Diffusion Model-Enhanced Environment Reconstruction in ISAC
Nguyen Duc Minh Quang, Chang Liu, Shuangyang Li, Hoai-Nam Vu, Derrick Wing Kwan Ng, Wei Xiang
TL;DR
This work tackles the challenge of sparse and noisy environment reconstruction in ISAC systems. It introduces NSADM, a diffusion-model framework with a CRB-guided forward process and a conditioned reverse process that incorporate noise variance and detection probabilities to denoise and densify the distance matrix. Experimental results on synthetic ISAC data show that NSADM outperforms model-based and learning-based baselines in RMSE and Chamfer Distance, yielding denser and more structurally coherent point clouds.

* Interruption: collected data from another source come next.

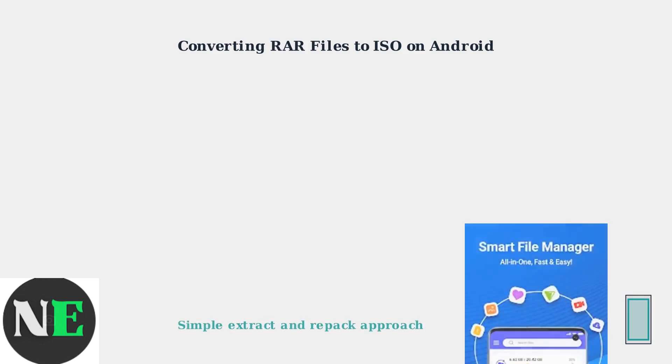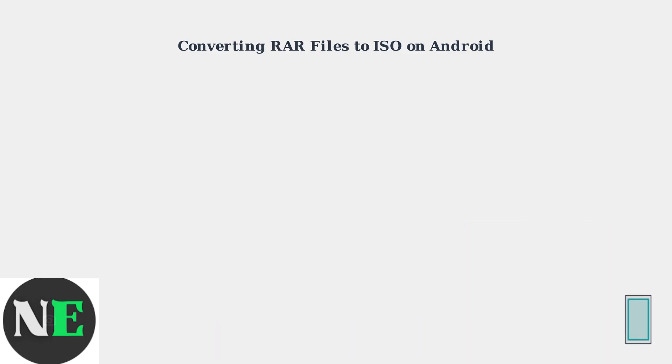We'll use a simple extract and repack approach, combining tools to get the job done efficiently.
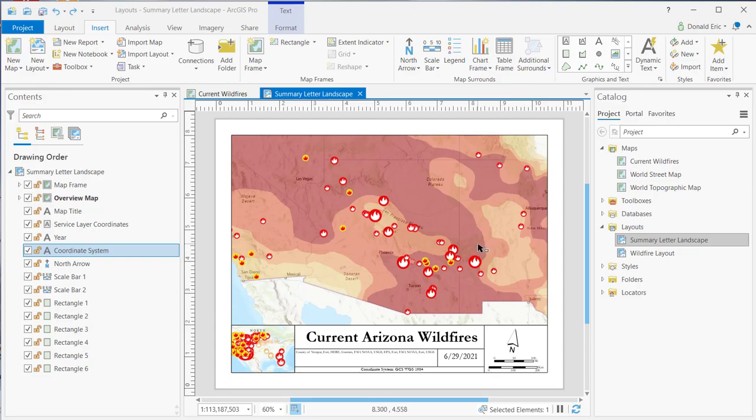In this demonstration, you're going to learn how to activate a map frame that's on a layout and make changes to the spatial extent directly from within the layout, rather than having to go back to the map.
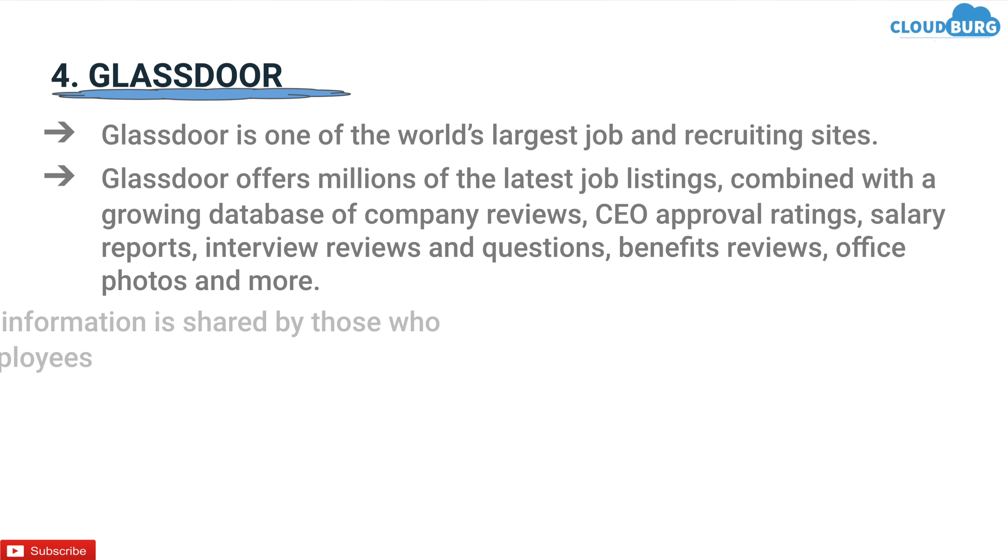Unlike other job sites, all of this information is shared by those who know our company best, that is the employees. Glassdoor is available anywhere via its mobile app.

The approach offers a practical pathway to robust ER in low-SNR ISAC deployments and highlights the value of integrating physical noise models into diffusion-based refinement.
Abstract
Recently, environment reconstruction (ER) in integrated sensing and communication (ISAC) systems has emerged as a promising approach for achieving high-resolution environmental perception. However, the initial results obtained from ISAC systems are coarse and often unsatisfactory due to the high sparsity of the point clouds and significant noise variance. To address this problem, we propose a noise-sparsity-aware diffusion model (NSADM) post-processing framework. Leveraging the powerful data recovery capabilities of diffusion models, the proposed scheme exploits spatial features and the additive nature of noise to enhance point cloud density and denoise the initial input. Simulation results demonstrate that the proposed method significantly outperforms existing model-based and deep learning-based approaches in terms of Chamfer distance and root mean square error.